I'm curious about this subject because I keep seeing people who learn just the barebones, get to DOM, then use it for everything...Is XML just that hard to learn, too obscure, too different, or is this just ossification brought on by years of copying code and not looking beneath?

Which offers another way of looking at this issue. In addition to the (for some) psychological oddness of SAX, there's also a kind of social dominance of the DOM. It is, after all, the W3C's blessed XML processing API. It has vastly more corporate marketing and sales and training resources behind it.

Some people who answered Bullard's question suggested that they knew of XML programmers, who were competent using DOM, who simply did not know about SAX at all.

Several others mentioned the issue of programming platform dominance, which, in the XML world, comes down to Microsoft and Java, both of which are rather DOM-friendly, even if for different reasons.

Michael Brennan fingered a very crucial reason for DOM being very widely used:

The case of MSXML offers another good example of why many programmers use the DOM. Microsoft's DOM includes integrated XPath support. Developers can load XML into a DOM, then easily query the structure with XPath to extract the data they are after. Switching to SAX adds substantial complexity to the code, which now has to deal with state management strategies to keep track of where it is in the document at any moment.

I've found many developers in the Microsoft world take the integrated XPath support for granted and don't realize that it is not a standard DOM feature (yet).

Which actually suggests that sometimes, perhaps often, XPath is just the right tool for the job, and its association -- whether formal or informal -- with DOM matters. But in looking for reasons for DOM's overuse at the expense of wider SAX usage, it's hard to overestimate the degree to which the dominant client-side computing platform, the dominant web browser, and one of the dominant server platforms are all Microsoft products, that MSXML is widely used in all three products, and that it is DOM and XPath-friendly.

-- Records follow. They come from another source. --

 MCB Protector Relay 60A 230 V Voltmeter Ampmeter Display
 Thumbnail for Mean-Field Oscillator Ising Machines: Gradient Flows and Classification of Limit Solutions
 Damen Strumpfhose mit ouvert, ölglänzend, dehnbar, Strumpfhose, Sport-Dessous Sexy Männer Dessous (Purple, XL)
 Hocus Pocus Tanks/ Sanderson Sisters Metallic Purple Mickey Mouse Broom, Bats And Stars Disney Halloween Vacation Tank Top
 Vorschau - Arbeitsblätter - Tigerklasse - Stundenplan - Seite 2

The utility of XPath suggests that its role in the repertoire of XML processing may well expand in the future. Again, Michael Brennan made this point as clearly as anyone.

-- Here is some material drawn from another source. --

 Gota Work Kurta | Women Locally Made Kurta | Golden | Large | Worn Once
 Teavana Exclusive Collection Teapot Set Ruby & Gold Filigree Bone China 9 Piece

I've been eyeing the dom4j, SAXPath, and Jaxen stuff with great interest, lately...[T]his notion of registering a handler to match subtrees based on XPath is very interesting. Using XPath as the glue between object models that can support an infoset abstraction is also very interesting. We commonly load XML into a DOM just so we can leverage XPath. We use tools for mapping XML elements/attributes to internal data structures and functions using XPath expressions. It would be great to have that same abstraction and ease of implementation without having to load a DOM to do it...

I hope this sort of approach gains wider acceptance and adoption. I think having the sort of abstraction that Jaxen affords offers far greater potential in the long run than looking toward the DOM (or even SAX) as the glue between XML and other object models.

In the open source community, XML programming often means Java programming. Of course open source languages, like Perl and Python and many others, have good or even excellent XML support. But Java is at the top of the heap in terms of number of tools, corporate support for those tools, number of training materials, and so on. While SAX support is very good in Java, there is an embarrassment of riches from which to choose when considering Java DOM programming, as Bob McWhirter suggested.

I think that in the open-source Java world, focus has been more on the infoset than on any given object-model. Since we have JDOM, dom4j, EXML, along with normal DOM, and only certain utilities are supported under certain models (ie, Xalan won't work with dom4j Documents directly), there's been a lot of work on translating one model to another.

Then, you have things like dom4j's ElementHandler interfaces, which allow folks who are used to processing object trees deal appropriately with very large datasets. You can register a handler to match particular subtrees. Do whatever processing you need (including XPath expressions), and then detach the sub-tree, freeing up memory for the rest of the parse...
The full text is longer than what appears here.